Senior advocate Kapil Sibal contended before a bench headed by Chief Justice S.A. Bobde and comprising Justices A.S. Bopanna and V. Ramasubramanian that a date should be fixed for hearing the matter. One of the petitions against Jaishankar has been filed by Congress leader Gaurav Pandya.
The bench said in its order: “Delay condoned. Issue notice returnable on December 8 (a non-miscellaneous day). Waive service on the respondents since Swarupama Chaturvedi, learned counsel, is appearing on behalf of those respondents. Reply affidavit, if any, be filed by the respondents in the meantime. Let notice be issued to other respondent(s), if any.” Senior advocate Harish Salve, appearing for Jaishankar, accepted the notice.
The pleas are connected with the 2019 Rajya Sabha bypolls on two seats in Gujarat. The BJP candidates won both the seats. The plea raised issues in connection with the powers of the Election Commission’s to issue separate notifications for holding bypolls for casual and regular vacancies in the Rajya Sabha.
Earlier, the top court had observed that it may pass an order in connection with the powers of the EC on the issuance of separate notifications for holding bypolls for regular and casual elections to fill vacancies in the Rajya Sabha.
On February 4, the Gujarat High Court had dismissed the plea filed by Pandya against Jaishankar’s election to the Rajya Sabha. The high court had also dismissed two other petitions filed by Congress leaders Chandrikaben Chudasama and Pareshkumar Dhanani, which challenged the election of BJP candidate Jugalji Thakore.
Both Jaishankar and Thakore were elected to the Rajya Sabha on July 5 last year from seats vacated by Union ministers Amit Shah and Smriti Irani. Jaishankar and Thakore had defeated Congress candidates Pandya and Chudasama, respectively.

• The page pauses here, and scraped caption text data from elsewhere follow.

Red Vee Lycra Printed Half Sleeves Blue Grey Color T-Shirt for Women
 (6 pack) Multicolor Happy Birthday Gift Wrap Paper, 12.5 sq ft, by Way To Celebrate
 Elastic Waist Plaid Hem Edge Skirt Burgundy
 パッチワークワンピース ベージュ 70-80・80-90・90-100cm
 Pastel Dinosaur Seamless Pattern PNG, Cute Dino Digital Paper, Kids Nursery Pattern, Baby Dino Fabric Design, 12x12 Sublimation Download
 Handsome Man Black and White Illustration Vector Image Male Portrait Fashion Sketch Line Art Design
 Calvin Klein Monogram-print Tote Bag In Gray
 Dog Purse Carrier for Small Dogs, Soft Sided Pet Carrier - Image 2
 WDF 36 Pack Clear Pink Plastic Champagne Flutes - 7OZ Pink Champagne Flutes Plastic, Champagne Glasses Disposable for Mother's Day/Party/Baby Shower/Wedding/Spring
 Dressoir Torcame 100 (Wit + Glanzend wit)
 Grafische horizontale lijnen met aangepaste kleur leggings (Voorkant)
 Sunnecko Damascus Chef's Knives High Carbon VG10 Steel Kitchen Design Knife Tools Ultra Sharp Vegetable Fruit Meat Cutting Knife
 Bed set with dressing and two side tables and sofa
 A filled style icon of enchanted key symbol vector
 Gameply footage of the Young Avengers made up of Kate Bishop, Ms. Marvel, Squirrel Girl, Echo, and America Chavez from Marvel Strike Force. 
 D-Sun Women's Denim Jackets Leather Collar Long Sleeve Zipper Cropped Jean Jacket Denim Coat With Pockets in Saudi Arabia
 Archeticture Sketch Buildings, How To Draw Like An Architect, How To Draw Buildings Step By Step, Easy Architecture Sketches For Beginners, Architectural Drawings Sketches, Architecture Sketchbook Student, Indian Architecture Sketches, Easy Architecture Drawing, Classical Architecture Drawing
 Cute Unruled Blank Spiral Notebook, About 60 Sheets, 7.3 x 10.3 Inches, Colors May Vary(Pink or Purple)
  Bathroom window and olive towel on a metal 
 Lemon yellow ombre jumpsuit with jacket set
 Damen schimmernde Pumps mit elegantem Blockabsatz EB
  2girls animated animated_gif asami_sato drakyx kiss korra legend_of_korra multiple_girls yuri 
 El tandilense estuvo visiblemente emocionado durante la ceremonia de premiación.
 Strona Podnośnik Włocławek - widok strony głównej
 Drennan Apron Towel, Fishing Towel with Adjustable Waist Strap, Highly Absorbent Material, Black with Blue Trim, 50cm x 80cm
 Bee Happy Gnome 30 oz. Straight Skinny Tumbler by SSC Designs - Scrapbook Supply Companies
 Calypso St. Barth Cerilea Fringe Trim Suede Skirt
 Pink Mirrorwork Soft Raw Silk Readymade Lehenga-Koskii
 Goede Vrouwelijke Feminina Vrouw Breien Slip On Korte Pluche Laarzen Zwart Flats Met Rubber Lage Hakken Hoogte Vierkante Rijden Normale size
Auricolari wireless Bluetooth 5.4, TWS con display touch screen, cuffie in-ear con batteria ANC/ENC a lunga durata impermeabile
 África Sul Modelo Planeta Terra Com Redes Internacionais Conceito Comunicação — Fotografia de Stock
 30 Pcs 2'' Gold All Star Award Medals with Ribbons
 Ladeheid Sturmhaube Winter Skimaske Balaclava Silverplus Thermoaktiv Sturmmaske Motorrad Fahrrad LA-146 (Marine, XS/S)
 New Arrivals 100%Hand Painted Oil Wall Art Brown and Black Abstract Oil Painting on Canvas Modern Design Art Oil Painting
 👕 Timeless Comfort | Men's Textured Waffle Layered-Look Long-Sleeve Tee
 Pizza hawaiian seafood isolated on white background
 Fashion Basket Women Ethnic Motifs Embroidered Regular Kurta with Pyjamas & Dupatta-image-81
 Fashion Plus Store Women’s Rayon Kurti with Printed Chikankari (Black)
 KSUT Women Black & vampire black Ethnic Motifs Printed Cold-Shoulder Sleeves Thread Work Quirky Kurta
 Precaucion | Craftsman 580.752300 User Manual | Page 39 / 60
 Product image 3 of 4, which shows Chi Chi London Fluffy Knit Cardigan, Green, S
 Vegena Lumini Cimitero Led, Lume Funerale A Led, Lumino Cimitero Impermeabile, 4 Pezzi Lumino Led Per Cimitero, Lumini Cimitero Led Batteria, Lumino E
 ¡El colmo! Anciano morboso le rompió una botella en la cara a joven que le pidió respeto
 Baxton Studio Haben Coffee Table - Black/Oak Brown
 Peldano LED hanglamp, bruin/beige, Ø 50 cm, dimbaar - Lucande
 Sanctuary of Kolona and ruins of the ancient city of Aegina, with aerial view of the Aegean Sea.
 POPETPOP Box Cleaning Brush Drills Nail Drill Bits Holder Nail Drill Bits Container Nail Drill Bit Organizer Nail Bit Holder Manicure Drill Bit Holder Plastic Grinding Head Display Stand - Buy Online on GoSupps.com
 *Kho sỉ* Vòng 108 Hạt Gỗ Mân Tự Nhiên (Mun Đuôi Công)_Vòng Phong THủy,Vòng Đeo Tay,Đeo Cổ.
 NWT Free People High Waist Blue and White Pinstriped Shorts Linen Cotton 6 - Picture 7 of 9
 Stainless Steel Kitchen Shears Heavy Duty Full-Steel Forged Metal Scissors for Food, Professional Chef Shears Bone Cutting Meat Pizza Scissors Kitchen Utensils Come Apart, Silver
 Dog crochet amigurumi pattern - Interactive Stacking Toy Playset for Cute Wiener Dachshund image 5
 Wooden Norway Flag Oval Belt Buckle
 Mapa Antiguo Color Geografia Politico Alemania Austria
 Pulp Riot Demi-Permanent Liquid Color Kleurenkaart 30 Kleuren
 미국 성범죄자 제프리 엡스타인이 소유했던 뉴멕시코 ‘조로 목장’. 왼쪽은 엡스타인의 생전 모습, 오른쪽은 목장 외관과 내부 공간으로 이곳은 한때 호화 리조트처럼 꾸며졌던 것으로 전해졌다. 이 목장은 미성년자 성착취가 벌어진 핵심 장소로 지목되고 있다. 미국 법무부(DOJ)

The Congress leaders had moved the high court citing that the Election Commission’s notifications, which treated the two vacant seats to be of different categories and as a result required separate bypolls, were “illegal and in violation of the provisions of the Constitution, the Representation of People (RP) Act, 1951 and the Conduct of Election Rules, 1961”.